» Records for the exercise:
....
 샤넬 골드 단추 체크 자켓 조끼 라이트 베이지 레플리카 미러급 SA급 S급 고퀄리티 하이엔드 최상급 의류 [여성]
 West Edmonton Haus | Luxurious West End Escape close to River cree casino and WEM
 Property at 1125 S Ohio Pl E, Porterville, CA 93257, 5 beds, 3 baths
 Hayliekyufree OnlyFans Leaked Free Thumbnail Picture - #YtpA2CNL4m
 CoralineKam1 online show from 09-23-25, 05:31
....
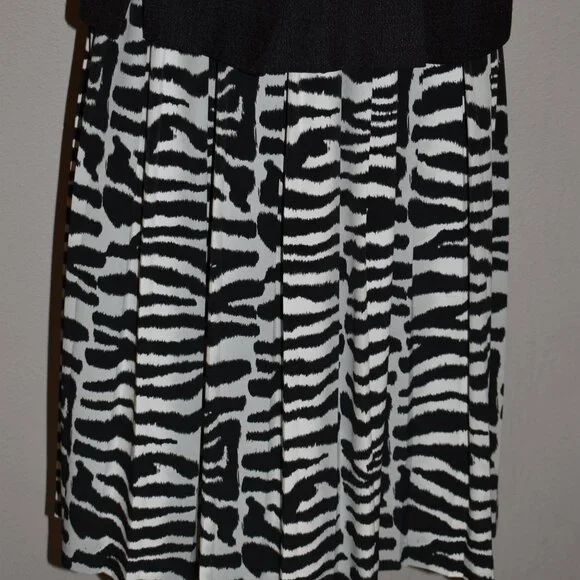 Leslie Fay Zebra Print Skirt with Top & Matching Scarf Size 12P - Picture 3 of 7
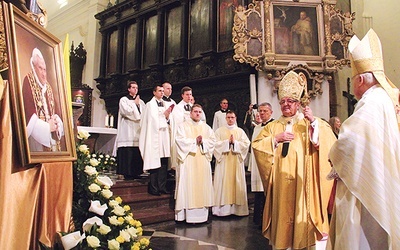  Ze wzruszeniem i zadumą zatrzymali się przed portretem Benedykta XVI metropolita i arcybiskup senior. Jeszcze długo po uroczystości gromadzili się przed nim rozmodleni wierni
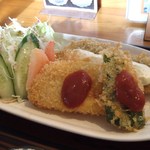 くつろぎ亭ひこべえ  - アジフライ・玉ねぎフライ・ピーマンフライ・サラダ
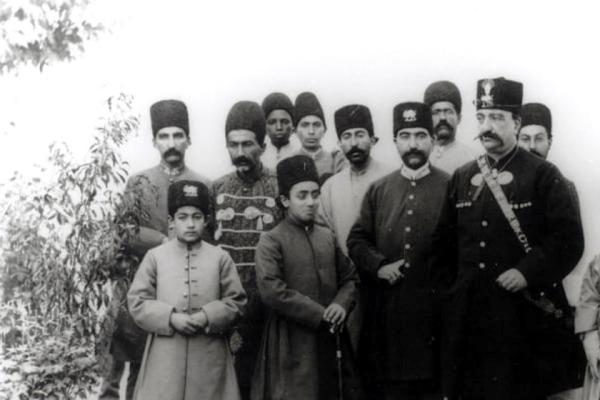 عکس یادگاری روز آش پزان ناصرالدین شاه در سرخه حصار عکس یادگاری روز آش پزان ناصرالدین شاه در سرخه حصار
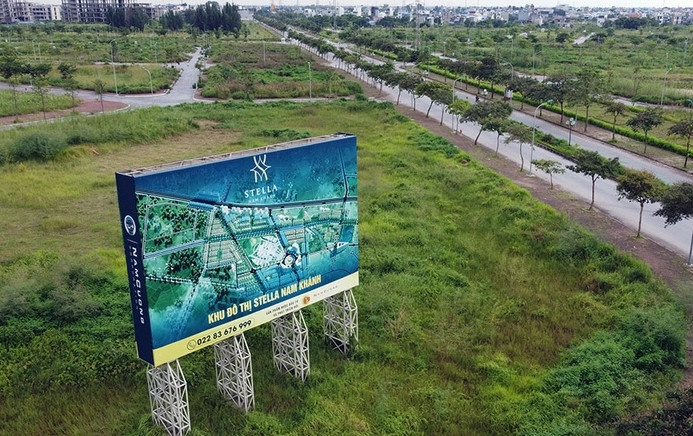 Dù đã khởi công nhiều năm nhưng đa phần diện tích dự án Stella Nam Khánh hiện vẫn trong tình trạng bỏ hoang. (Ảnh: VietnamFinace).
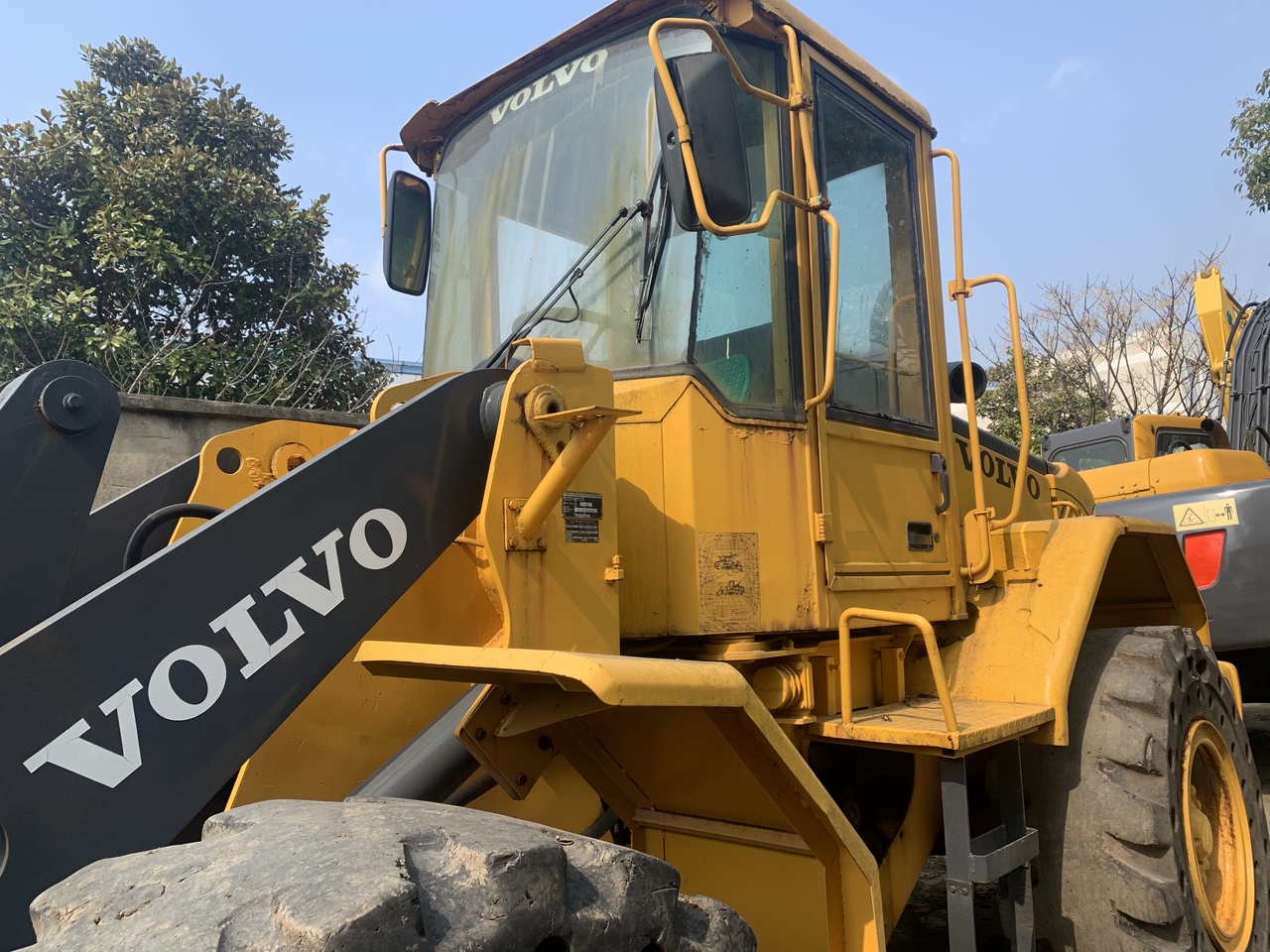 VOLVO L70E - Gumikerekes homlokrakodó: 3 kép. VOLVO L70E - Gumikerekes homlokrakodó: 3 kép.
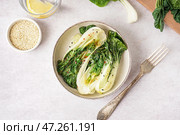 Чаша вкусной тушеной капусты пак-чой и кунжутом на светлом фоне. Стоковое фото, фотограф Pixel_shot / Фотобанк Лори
....
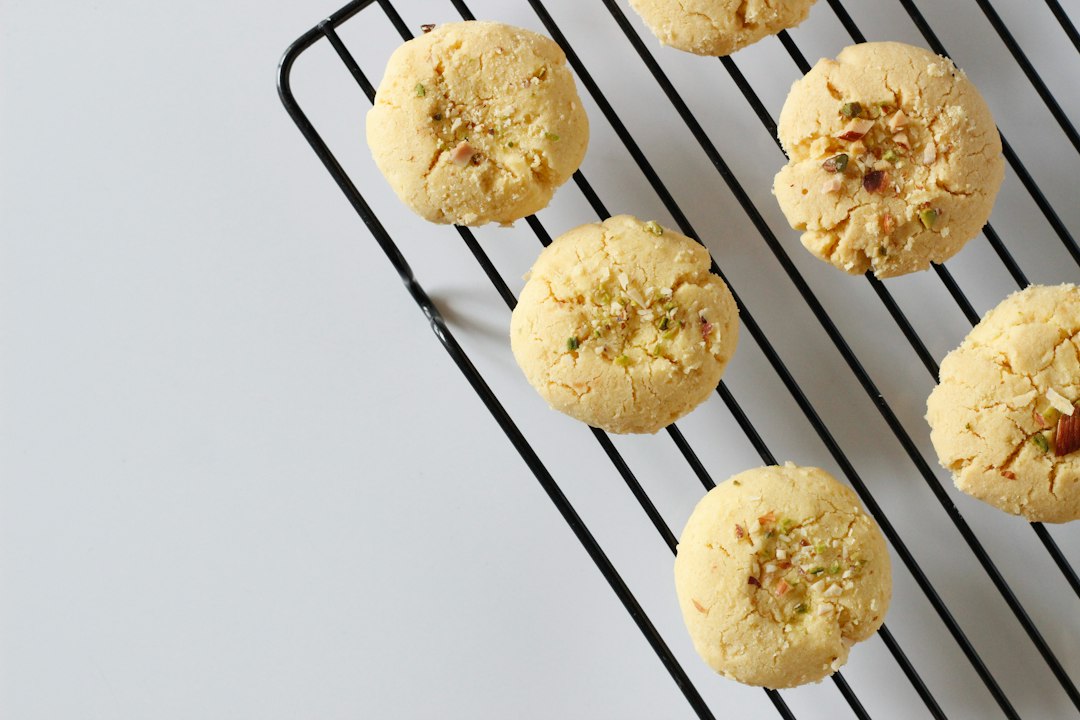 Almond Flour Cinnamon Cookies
....
» What is expected: Look above for the line that contains "West Edmonton Haus". Starting there, transcribe every line exactly until you have copied the line that contains "CoralineKam1 online show".

» Result for this exercise:
 West Edmonton Haus | Luxurious West End Escape close to River cree casino and WEM
 Property at 1125 S Ohio Pl E, Porterville, CA 93257, 5 beds, 3 baths
 Hayliekyufree OnlyFans Leaked Free Thumbnail Picture - #YtpA2CNL4m
 CoralineKam1 online show from 09-23-25, 05:31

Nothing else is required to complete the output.